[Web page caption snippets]
******
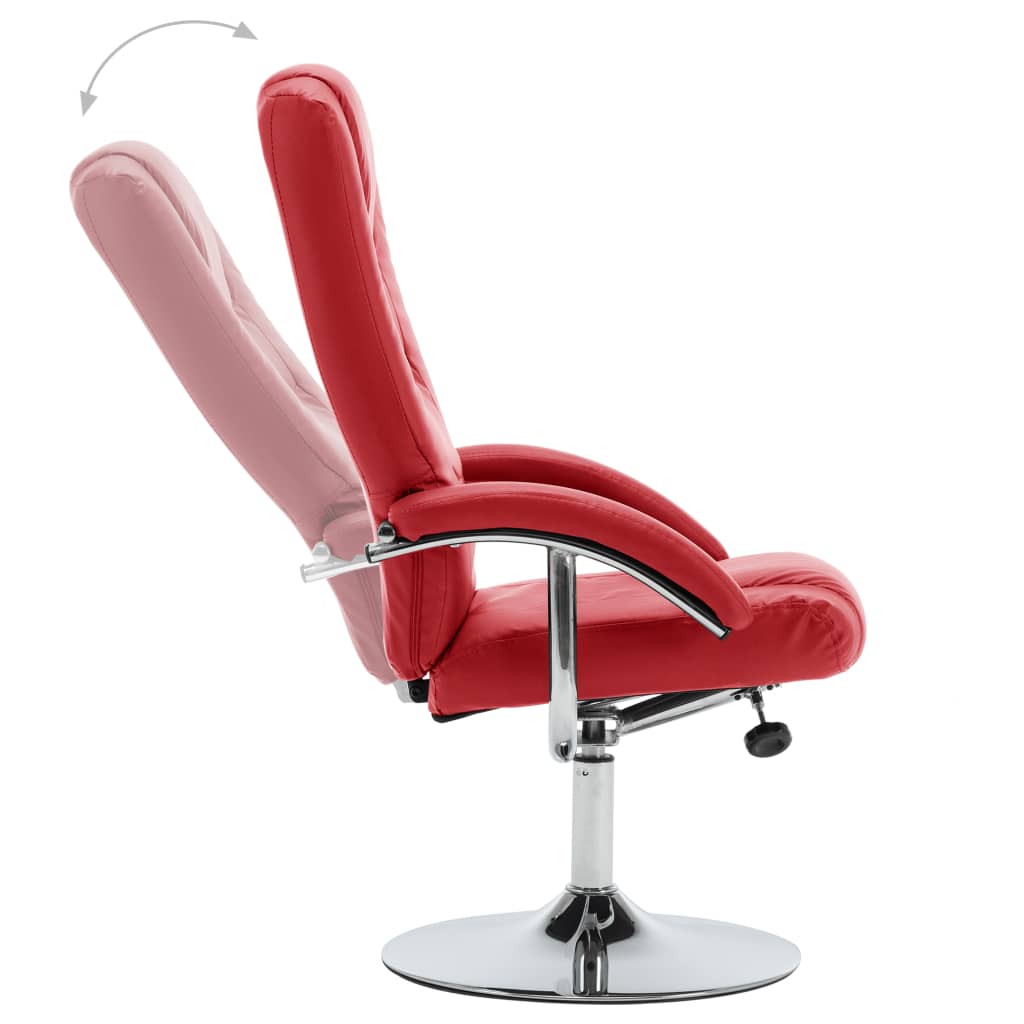 Relaxsessel mit Fußhocker Rot Kunstleder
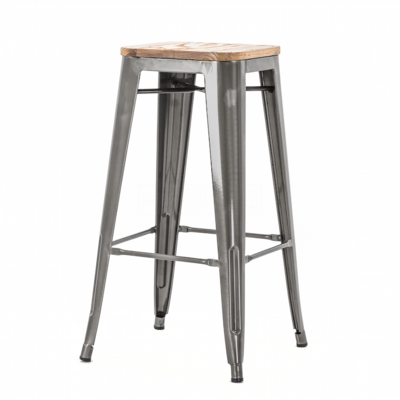 Metalen barkruk Café met houten zitting (zithoogte 77 cm)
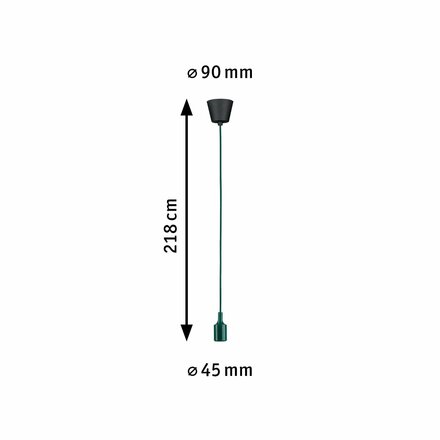 PAULMANN Neordic závěsné svítidlo Ketil E27 max. 60W zelená/černá stmívatelné Silikon/umělá hmota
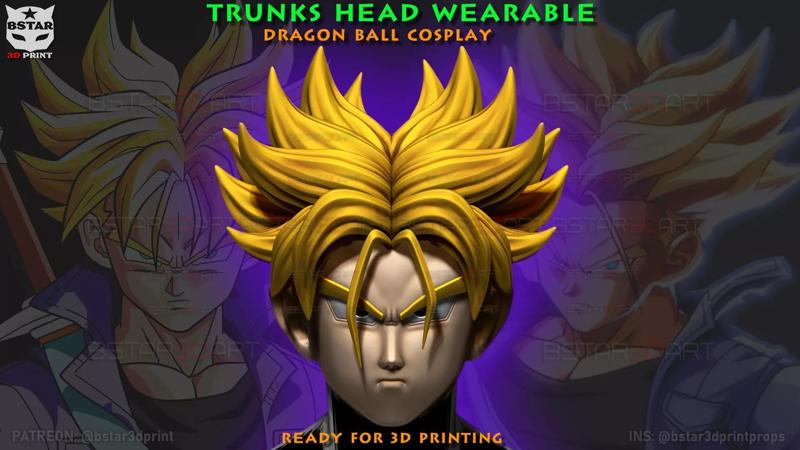 Trunks Head Wearable -Dragon ball Z Cosplay and Decoration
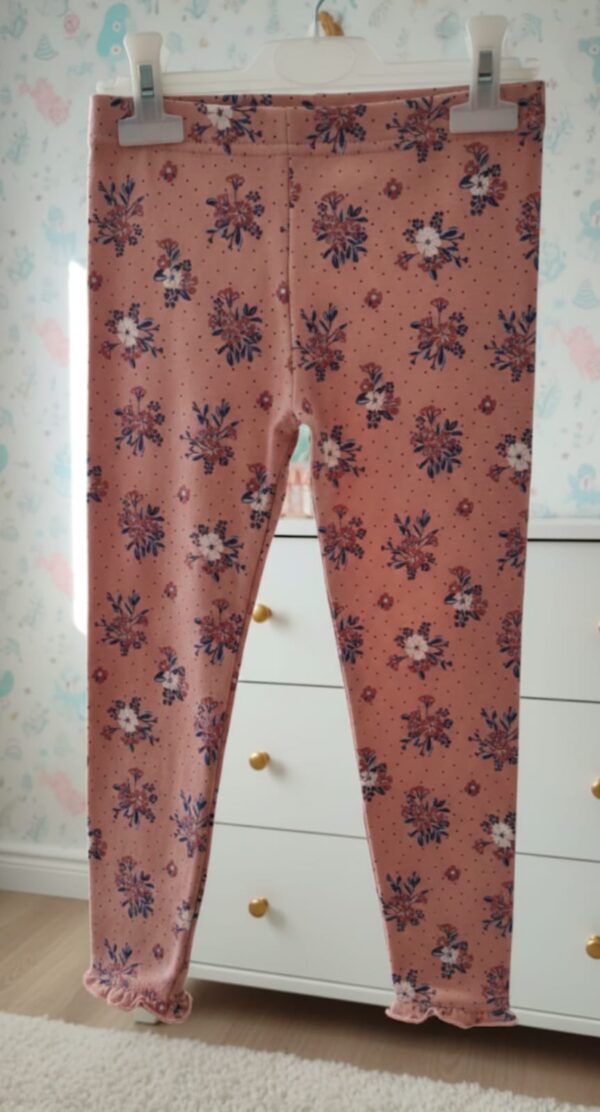 Little Kids Girls Floral Leggings – Peach Color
******
[What this task involves] In the records above, find the line containing "Trunks Head Wearable", then please restate it and each line after it word for word, pictures excluded.

[Answer to the problem]
 Trunks Head Wearable -Dragon ball Z Cosplay and Decoration
 Little Kids Girls Floral Leggings – Peach Color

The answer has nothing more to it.